The developer may run pair-wise comparisons manually from the GUI. We illustrate the procedure by an applied example. Assume that we want to test if the task “Build regional time series” for Ireland with base year 2012 gives the same results if executed twice in a row without changing anything in between the executions. We would perform the following steps:

Generate two result files with different names. The files should be stored in the same folder of the general model results directory. Example:
1. Go to the task “Build regional time series” and select Ireland.
2. Go to the tab “Debug options” and ensure that the field for “Additional result type identifier” is empty (the default way).
3. Execute the task
4. Go to the tab “Debug options” and edit the field “Additional result type identifier”. The string you enter there will be appended to the end of the output files from this task, so it should be short and without spaces, for instance “_restart”.
5. Execute the task again.
6. Look in the result folder (e.g. results\capreg) to verify that you have the two files “res_time_series_12IR.gdx” and “res_time_series_12IR_restart.gdx”
Go to the workstep “Tests” and the task “Compare task results”
Select the correct task “capreg_time_series” from the first drop-down box. This is only a label that is used to help the developer sorting a large number of comparisions, and it is used in the result file name as well as in GAMS sets. The user can choose any name for this comparison by selecting “other” and providing a custom name in the box that appears. The custom name should be short and without spaces or special characters.
Select the name of the parameter that the program should attempt to load from the result files. If that parameter does not exist, a confusing error will result as there is presently no test built in for existence. In our example, select the parameter DATA1. If unsure about the parameter name, just open the .gdx files and inspect it's contents using e.g. the GAMSIDE.
Select the two files to compare in the file selection drop-downs.
Execute the task.
Open the result file that is now found in the output folder “results\test” and carries a long name composed by the names and symbols of the files to compare, e.g. “compare_capreg_res_time_series_12IR_RESTART_to_capreg_res_time_series_12IR_symbol_data1.gdx”. Open the file in any GDX-viewer of your choice. The GUI has no built in views for this file.
Firstly, inspect the symbol “p_numberOfDifference”. There you will see the number of differences found, classified by the size of the relative difference (diff2/diff1-1), and with “infinity” where one of the entries is entirely missing.
Dig into the differences by viewing the set “itemsDiffering” where the particular items that differ are shown for each difference-class.
Finally, inspect the actual data in the symbol “p_differences”, which is structured in the same way as the “GDXDIFF”-utility of the GAMSIDE.

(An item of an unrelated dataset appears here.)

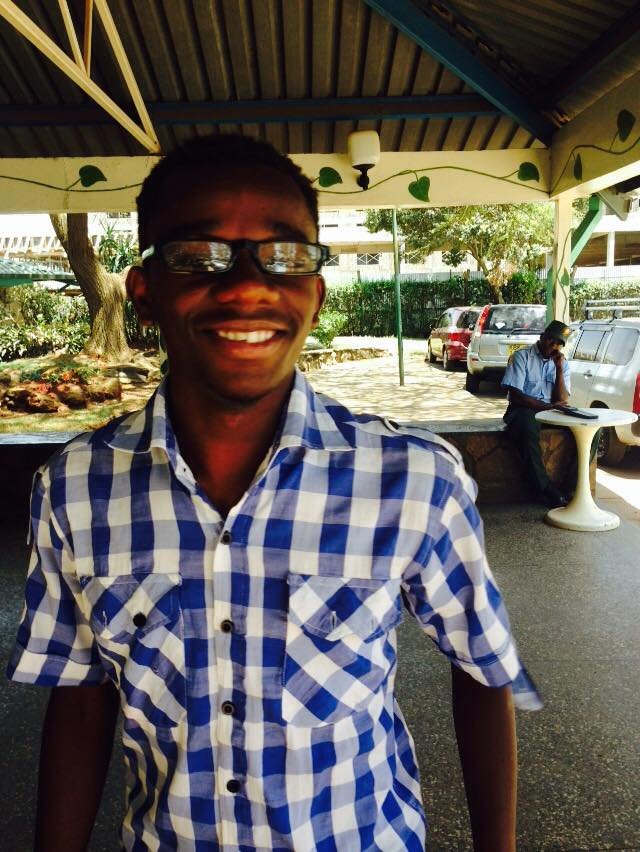 Send 5 Youth to College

Figure: The results from a stability test such as the one described above, done with a pre-release version of STAR 2.

This procedure can be repeated for any task, GDX-file and GAMS parameter. For instance, it can be used to test the influence of different GAMS versions, emptying of the TEMP-directory, turning parallel processing on/off, or any other experiment.

For experiments with different start values or for running chains of experiments (e.g. coco-capreg-captrd), the tab “Debug options” contains fields for overriding the GAMS labels that we use in the code to steer where to pick up inputs and write outputs, namely “results_in”, “results_out”, “restart_in”, and “restart_out”. This is further discussed in the subsequent section.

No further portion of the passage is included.